Холмогоров достал свое удостоверение и, лишь только мужчина захотел завладеть им, отвел руку в сторону. Мужчина усмехнулся, поняв, что это ответ на его малоприветливый жест.
– Раскройте, я его и в ваших руках прочитаю.
То, что Холмогоров – советник патриарха, на мужчину не произвело впечатления, но презрительная улыбка все же исчезла с губ.
– Гражданка Летун дома?
– Да.
– Вы как здесь оказались?
– Я друг отца Михаила, только что приехал.
– Не знаю, что она наговорила вам, но я пока не вижу повода беспокоиться. По положению мы обязаны реагировать, когда пройдет три дня с момента обращения. Конечно, случай не рядовой, священник исчез.
– Я думаю, вы хотите пройти в дом?
– Я хотел узнать, не вернулся ли отец Михаил.
– Нет.
– Жаль, – искренне сказал представитель местной милиции.
– Думаю, вам стоит поговорить с матушкой. Начальник районного отделения милиции говорил с матушкой недолго. Ничего не обещал, сказал лишь, что обзвонил своих коллег в соседних районах, и те ничего о судьбе отца Михаила не знают. Женщина плакала, сидя за столом.
Холмогоров проводил милиционера до ворот. Церковный староста остался с матушкой.
– Не знаю, что и думать, – признался начальник милиции. – Довольно часто случается, что приходит жена, плачет, мол, муж пропал, дома не ночевал. А потом через пару дней ее благоверный объявляется, все деньги пропил, протрезвел и вспомнил, что у него семья есть.
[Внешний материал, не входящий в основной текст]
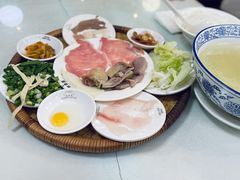 -桥香园云南过桥米线(金马碧鸡店)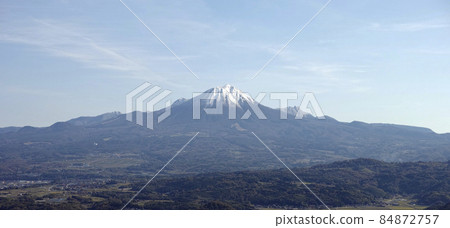 Hakufuji Daisen in late autumn as seen from Mt.Mozuka in Nanbu Town, Tottori Prefecture Hakufuji Daisen in late autumn as seen from Mt.Mozuka in Nanbu Town, Tottori Prefecture 84872757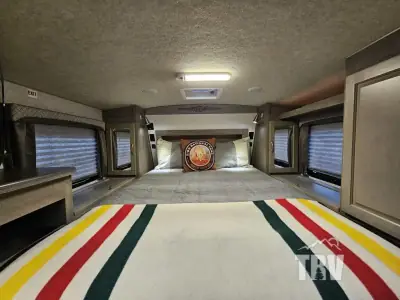 2025 Northwood Mfg Arctic Fox Camper 990 photo 6
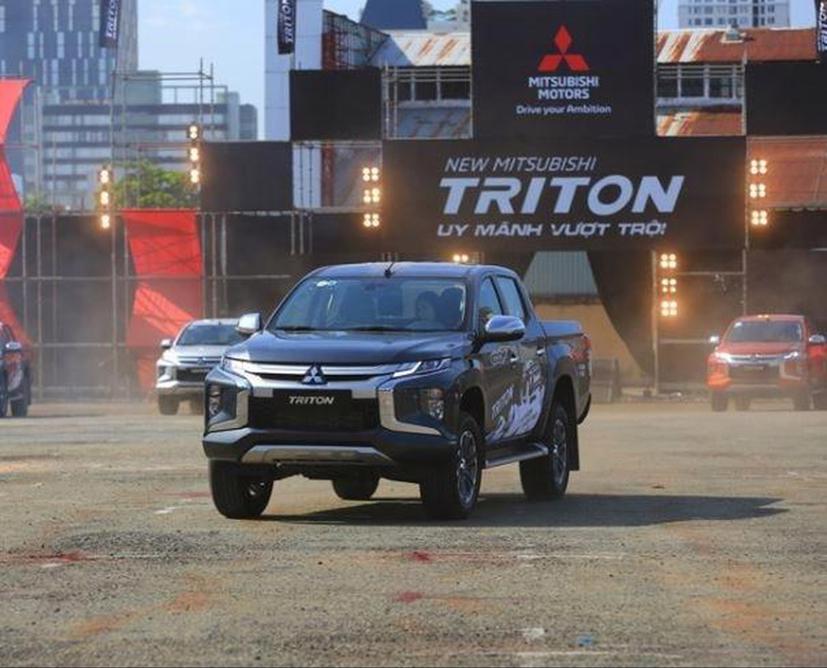 Mitsubishi Triton phiên bản 4x4 AT 2019 đang được ưu đãi, giảm giá từ 100 đến 140 triệu đồng kèm gói phụ kiện theo xe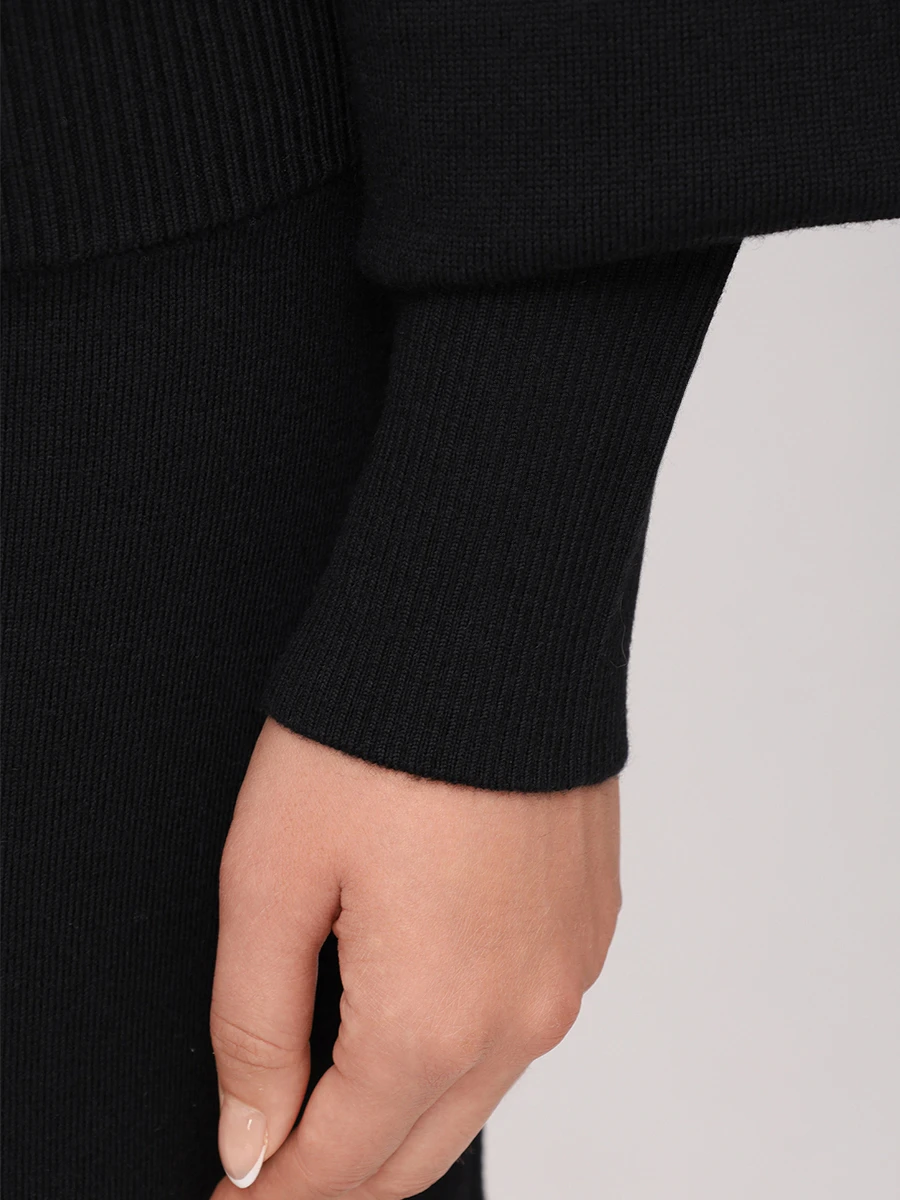 Джемпер шерстяной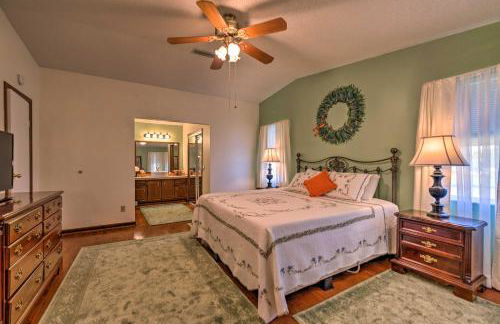 Lovely Lady Lake Home with Resort Amenities and Lanai! - Foto 14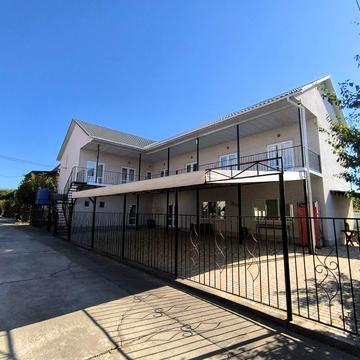 Студентська, 27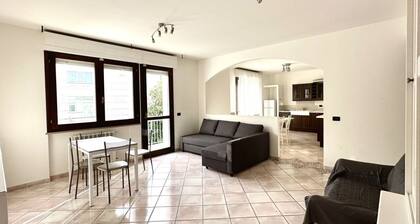 K03 - Castelfidardo, large four-room apartment convenient to services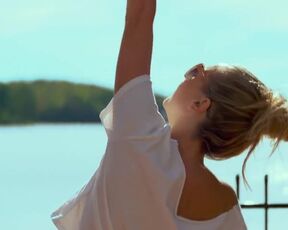 Lucie Vondrácková - Hotel Limbo (2020) Nude Scene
Вы только не подумайте, я не намекаю на отца Михаила, он человек непьющий, священник, – милиционер, говоря это, поднял указательный палец, словно указывал на небо и намекал на заступничество Всевышнего.
– Извините меня, я не фокусник и не успел рассмотреть ни вашего имени, ни звания.
– Майор Брагин, – с готовностью представился начальник райотдела милиции, – Анатолий Павлович.
– Андрей Алексеевич Холмогоров, – для проформы добавил советник патриарха.
– Вы по делу в Борисове? – – И по делу тоже. Отец Михаил звонил мне позавчера, мы договорились встретиться.
– Странно, – задумался майор Брагин, – звонил вам, просил о встрече, а сам исчез. Что ж, будут новости – сообщите, – и Брагин достал служебную визитку. Он вручил ее Холмогорову как огромную ценность.
– Непременно.
Брагин запахнул плащ и зашагал к райотделу милиции, расположенному на одной с церковью площади.
Холмогоров вернулся в дом.
Церковный староста подошел к нему и горячо зашептал на ухо:
– Я не знал, кто вы такой, мне матушка только что сказала. Очень рад познакомиться – Иван Спиридонович Цирюльник, староста, – мужчина шестидесяти с лишним лет заискивающе смотрел в глаза Холмогорову, будто ждал от того благословения. – Что делать будем? Милиция искать не хочет, я уж и так с ним говорил и этак. Заладил: три дня, три дня… Вы-то что, Андрей Алексеевич, насчет всего этого думаете?
– Я еще ничего не знаю, – Холмогоров сел на диван.
Женщина плакала, уткнув лицо в ладони.
– Миша просил пленку проявить, – она суетливо стала рыться в сумочке, вытащила пленку и пакет с фотографиями. – Вот, в Минске проявила, вроде что-то получилось. Извините меня, ничего не могу с собой поделать, – и совсем уже невпопад добавила:
– Я вам чаю приготовлю.
Церковный староста замахал было руками, мол, не надо, но Холмогоров мягко сказал:
– Будем очень признательны.
Матушка исчезла в кухне, а Холмогоров зашептал церковному старосте со странной фамилией Цирюльник:
– Пусть чем-нибудь займется, ей невыносимо сидеть сейчас без дела.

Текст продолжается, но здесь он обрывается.